Top of Available records
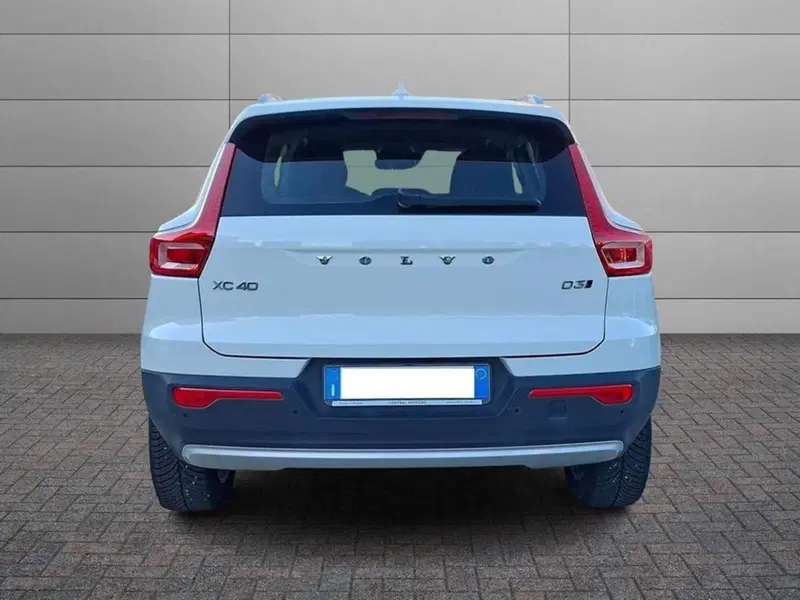 Volvo XC40 usata a Torino (4)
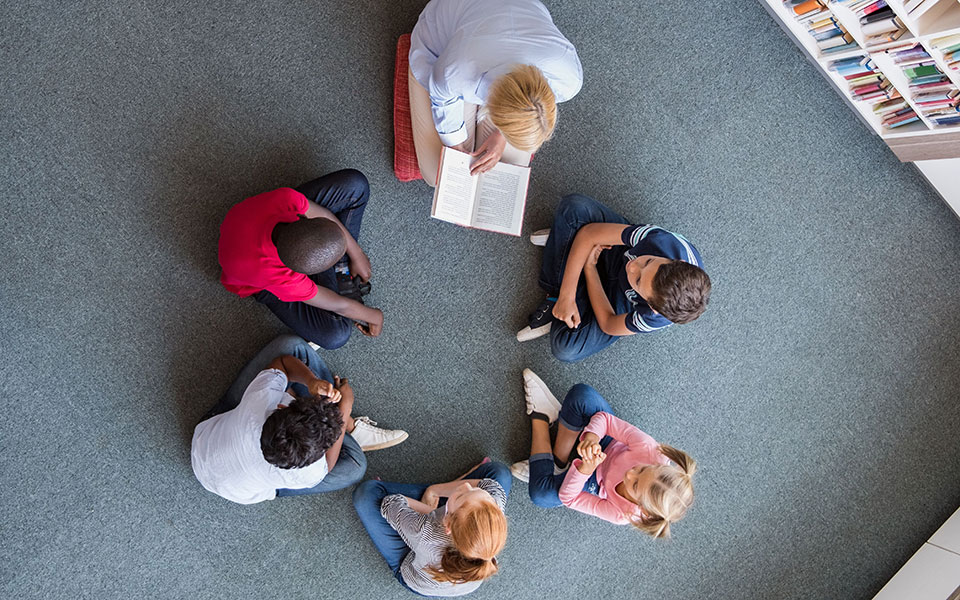 είναι-τόσο-κλειστό-το-σύστημα-που-δεν-562150852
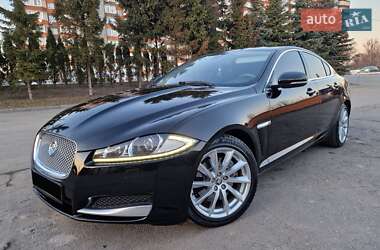 Седан Jaguar XF 2012 в Тернополе
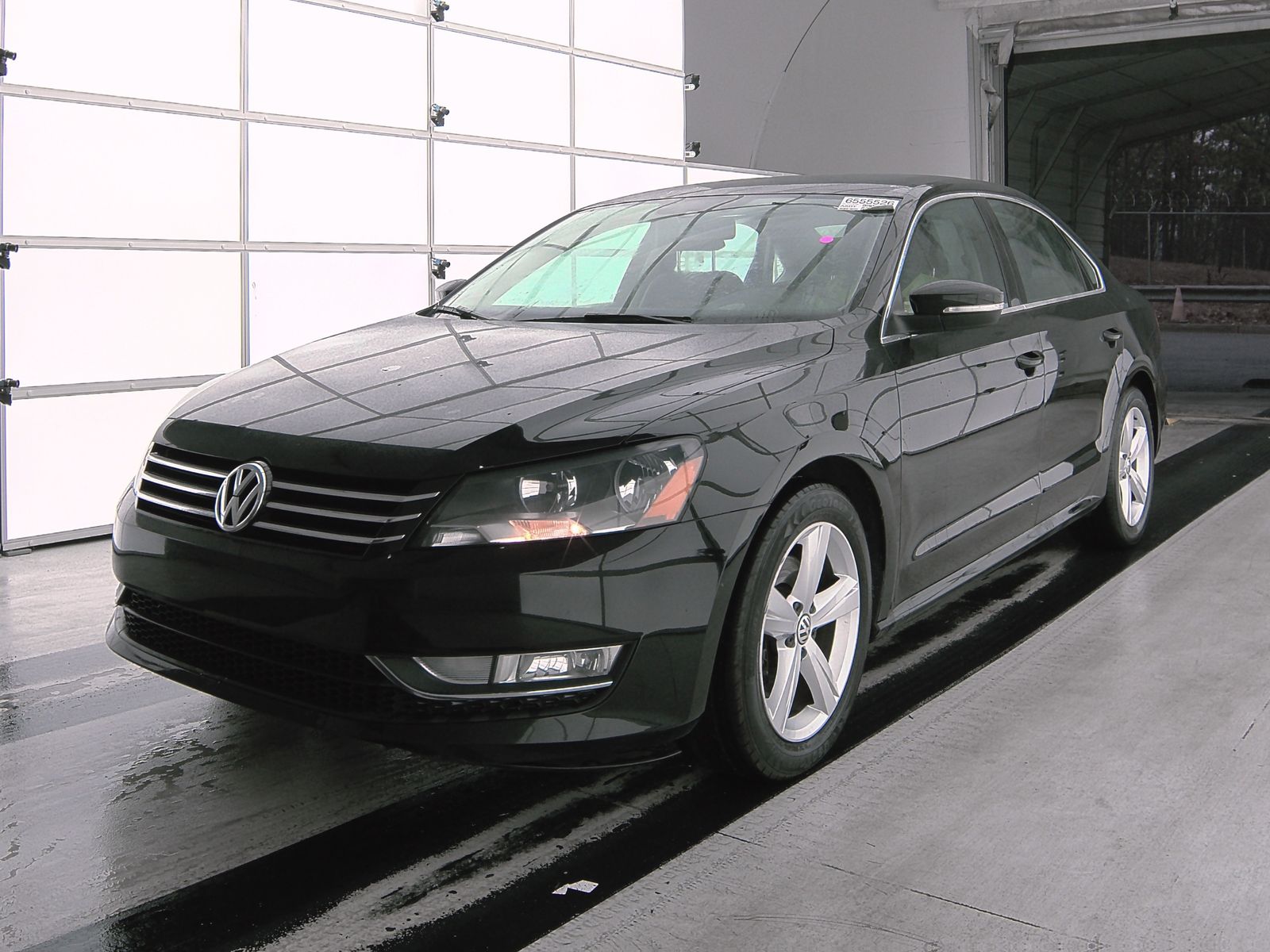 2015 Volkswagen Passat 1.8T LTD FWD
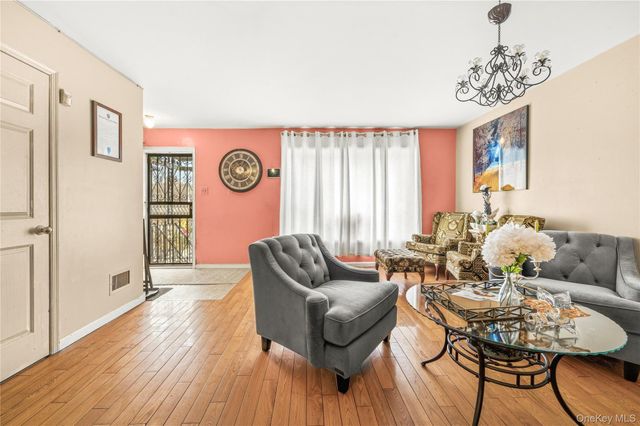 592 Beech Terrace, Bronx, NY 10454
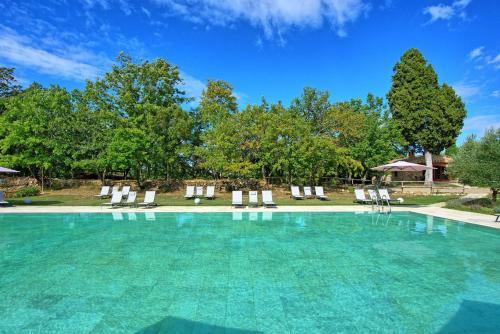 Gallena Apartment Sleeps 3 Pool Wifi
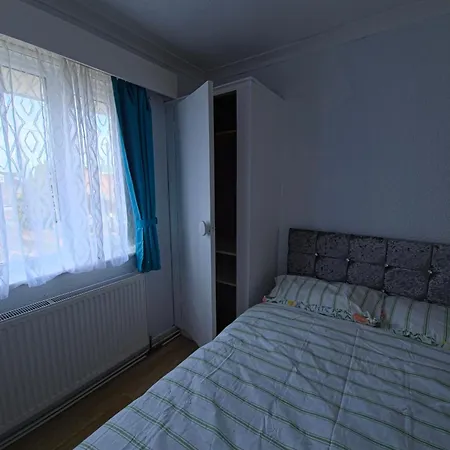 Six Bed With Two Parking Space And Garden * Bristol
Bottom of Available records
**Exercise prompt:** Please copy the data shown above precisely, leaving the images out.

**Response to the exercise:**
 Volvo XC40 usata a Torino (4)
 είναι-τόσο-κλειστό-το-σύστημα-που-δεν-562150852
 Седан Jaguar XF 2012 в Тернополе
 2015 Volkswagen Passat 1.8T LTD FWD
 592 Beech Terrace, Bronx, NY 10454
 Gallena Apartment Sleeps 3 Pool Wifi
 Six Bed With Two Parking Space And Garden * Bristol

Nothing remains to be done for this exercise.